Durante as homenagens, o clima também foi marcado por manifestações políticas. O poeta Mohammad Rasouli, responsável por conduzir parte da cerimônia antes das orações, incentivou a multidão a entoar gritos de “Morte aos EUA!” e “Morte a Israel!”.
Em um dos momentos do evento, Rasouli mencionou o presidente dos Estados Unidos, Donald Trump, perguntando à multidão: “Por que o homem mais bastardo do mundo ainda está vivo?”. A declaração foi seguida por aplausos dos presentes. Também foram vistos cartazes e pichações com mensagens pedindo a morte de Trump e do primeiro-ministro de Israel, Benjamin Netanyahu.
Funeral foi adiado por quatro meses
As cerimônias públicas começaram no sábado (4/7), mais de quatro meses após a morte de Ali Khamenei. O adiamento é considerado incomum na tradição islâmica, que prevê que o sepultamento ocorra, sempre que possível, em até 24 horas após a morte.

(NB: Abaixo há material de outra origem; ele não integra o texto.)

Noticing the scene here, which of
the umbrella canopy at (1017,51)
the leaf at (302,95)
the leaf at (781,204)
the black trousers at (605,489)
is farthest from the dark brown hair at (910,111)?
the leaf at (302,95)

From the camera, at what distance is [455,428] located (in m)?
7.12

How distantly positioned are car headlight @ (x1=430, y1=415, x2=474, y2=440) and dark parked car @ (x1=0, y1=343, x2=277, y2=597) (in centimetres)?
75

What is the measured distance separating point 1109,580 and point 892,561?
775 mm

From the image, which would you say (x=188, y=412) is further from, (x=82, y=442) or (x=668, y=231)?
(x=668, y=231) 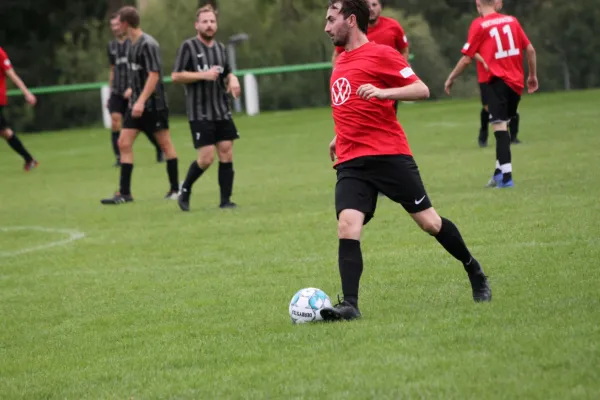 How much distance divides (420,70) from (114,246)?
22437 mm

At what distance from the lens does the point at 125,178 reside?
1441 centimetres

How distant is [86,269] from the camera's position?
9.51 meters

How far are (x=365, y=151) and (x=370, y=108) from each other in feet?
0.81

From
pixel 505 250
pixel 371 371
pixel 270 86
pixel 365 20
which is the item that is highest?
pixel 365 20

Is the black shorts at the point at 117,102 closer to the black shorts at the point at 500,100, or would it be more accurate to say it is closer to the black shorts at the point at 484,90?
the black shorts at the point at 484,90

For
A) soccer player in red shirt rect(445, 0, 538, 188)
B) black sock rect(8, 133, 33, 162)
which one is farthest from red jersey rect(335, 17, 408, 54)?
black sock rect(8, 133, 33, 162)

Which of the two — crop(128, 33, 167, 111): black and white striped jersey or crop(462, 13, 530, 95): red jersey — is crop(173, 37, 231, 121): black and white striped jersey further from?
crop(462, 13, 530, 95): red jersey

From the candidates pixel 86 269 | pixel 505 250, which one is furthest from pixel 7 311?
pixel 505 250

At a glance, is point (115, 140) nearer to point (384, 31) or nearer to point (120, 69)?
point (120, 69)

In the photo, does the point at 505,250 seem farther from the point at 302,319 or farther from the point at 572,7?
the point at 572,7

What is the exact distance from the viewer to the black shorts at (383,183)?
6461 millimetres

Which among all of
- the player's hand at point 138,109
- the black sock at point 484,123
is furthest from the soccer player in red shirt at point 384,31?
the black sock at point 484,123

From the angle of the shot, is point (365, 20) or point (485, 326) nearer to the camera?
point (485, 326)

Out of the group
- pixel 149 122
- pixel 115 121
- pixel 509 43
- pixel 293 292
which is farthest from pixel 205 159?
pixel 115 121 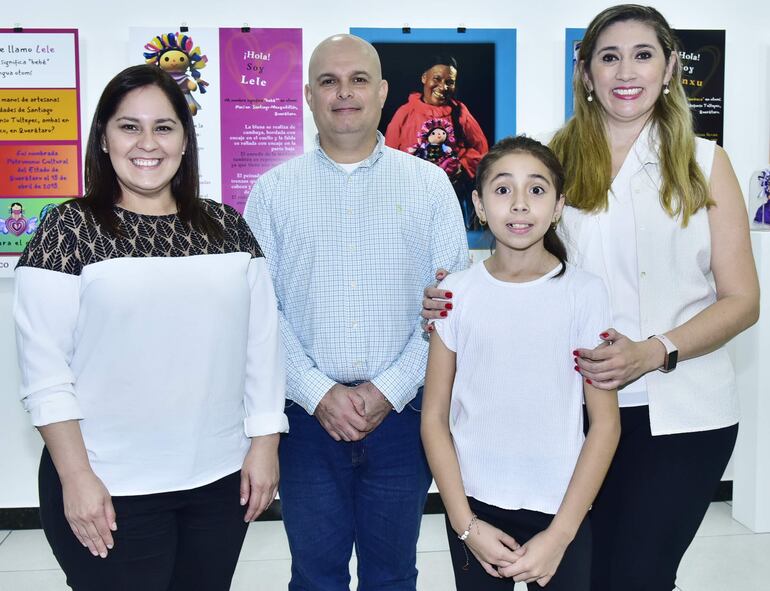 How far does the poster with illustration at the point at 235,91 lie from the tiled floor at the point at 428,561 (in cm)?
148

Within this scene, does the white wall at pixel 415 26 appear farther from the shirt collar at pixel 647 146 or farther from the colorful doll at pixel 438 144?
the shirt collar at pixel 647 146

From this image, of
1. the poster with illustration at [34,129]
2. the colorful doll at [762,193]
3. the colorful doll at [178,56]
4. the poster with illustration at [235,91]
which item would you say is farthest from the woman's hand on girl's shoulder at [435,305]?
the colorful doll at [762,193]

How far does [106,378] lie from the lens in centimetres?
140

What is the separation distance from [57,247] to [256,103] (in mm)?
2011

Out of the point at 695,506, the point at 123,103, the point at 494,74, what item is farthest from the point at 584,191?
the point at 494,74

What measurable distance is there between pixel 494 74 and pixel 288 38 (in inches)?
35.2

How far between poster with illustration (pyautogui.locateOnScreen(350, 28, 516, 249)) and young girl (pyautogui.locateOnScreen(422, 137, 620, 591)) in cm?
173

Segundo o governo iraniano, o funeral precisou ser adiado devido à guerra iniciada logo após os ataques de 28 de fevereiro, quando Estados Unidos e Israel bombardearam alvos no Irã. Durante esse período, o corpo permaneceu preservado sob refrigeração, medida considerada aceitável em situações excepcionais, como conflitos armados.
As cerimônias tiveram início com um evento reservado a autoridades e representantes de países aliados de Teerã e, depois, foram abertas ao público.
Cortejo passará por cidades sagradas
O funeral foi organizado para durar seis dias e inclui cerimônias em diferentes locais de importância religiosa para o islamismo xiita.

Após as homenagens em Teerã, o corpo de Ali Khamenei deverá passar pelas cidades iraquianas de Najaf e Karbala, que abrigam alguns dos principais santuários da corrente xiita do islamismo.
O sepultamento está previsto para ocorrer em Mashhad, cidade onde Khamenei nasceu, no complexo do Santuário do Imã Reza, considerado um dos locais mais sagrados da religião xiita.
Além da despedida ao ex-líder, o governo iraniano trata as cerimônias como uma demonstração de unidade nacional após meses de guerra. As homenagens também buscam reforçar a transição para a nova liderança do país e transmitir uma mensagem de resistência diante dos conflitos com Estados Unidos e Israel.